Start of Task inputs

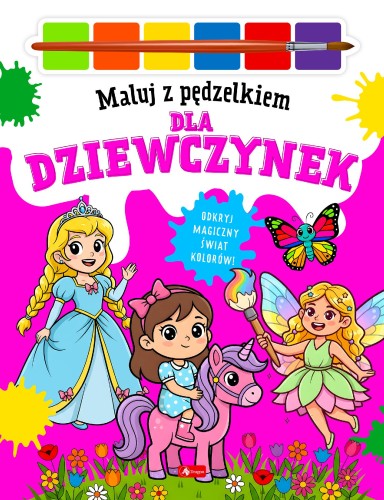 Dla dziewczynek. Maluj pędzelkiem, Wojciech Baturo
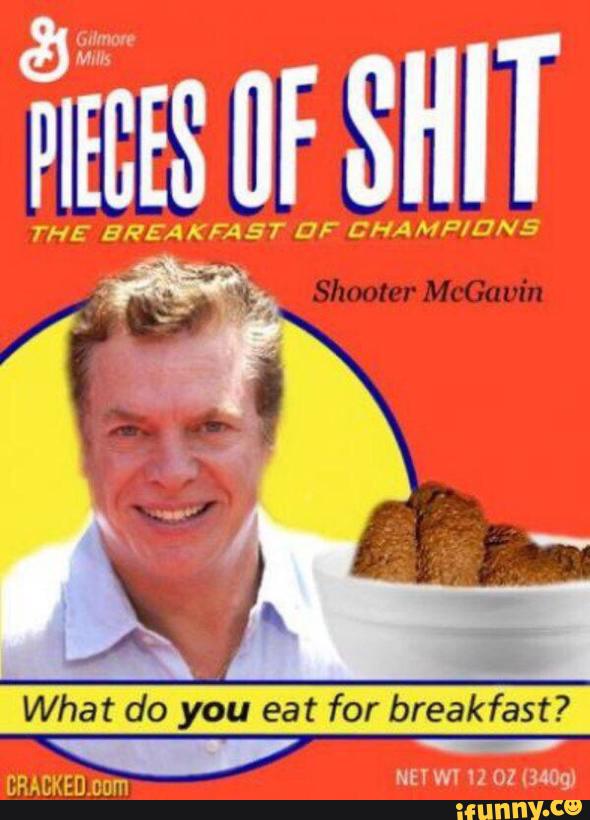 PIEBES [IF SHIT
THE BREAKFAST UF CHAMPIONS
What do you eat for breakfast?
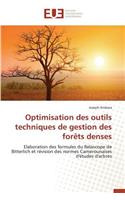 Optimisation Des Outils Techniques de Gestion Des Forèts Denses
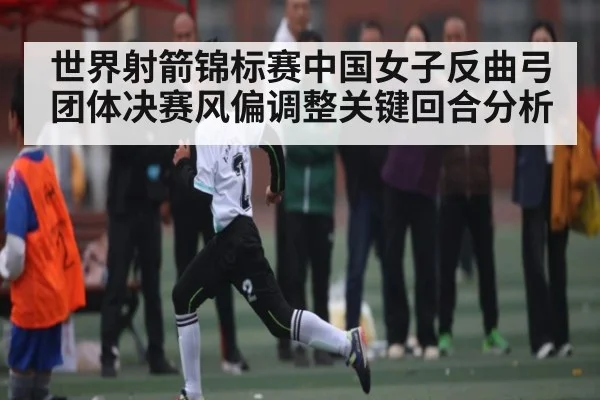世界射箭锦标赛中国女子反曲弓团体决赛风偏调整关键回合分析 - kaiyun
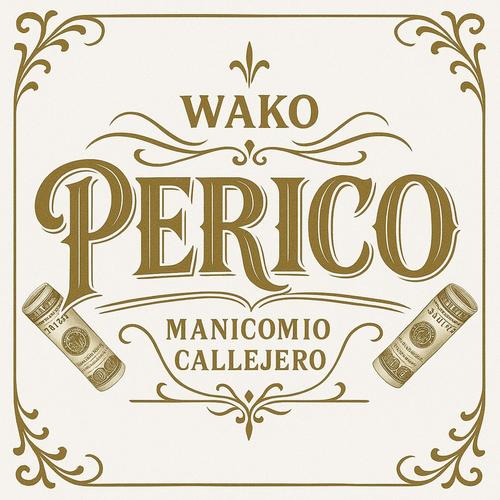 PERICO (LA BOLSITA) [Explicit]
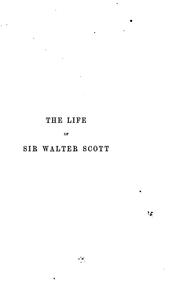 Cover of: The life of sir Walter Scott, repr. with additions from the Quarterly review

End of Task inputs

No pictures should appear in the copy. Print exactly the lines above from the line containing "世界射箭锦标赛中国女子反曲弓团体决赛风偏调整关键回合分析 - kaiyun" through the last line of the data.

• Exercise response
世界射箭锦标赛中国女子反曲弓团体决赛风偏调整关键回合分析 - kaiyun
 PERICO (LA BOLSITA) [Explicit]
 Cover of: The life of sir Walter Scott, repr. with additions from the Quarterly review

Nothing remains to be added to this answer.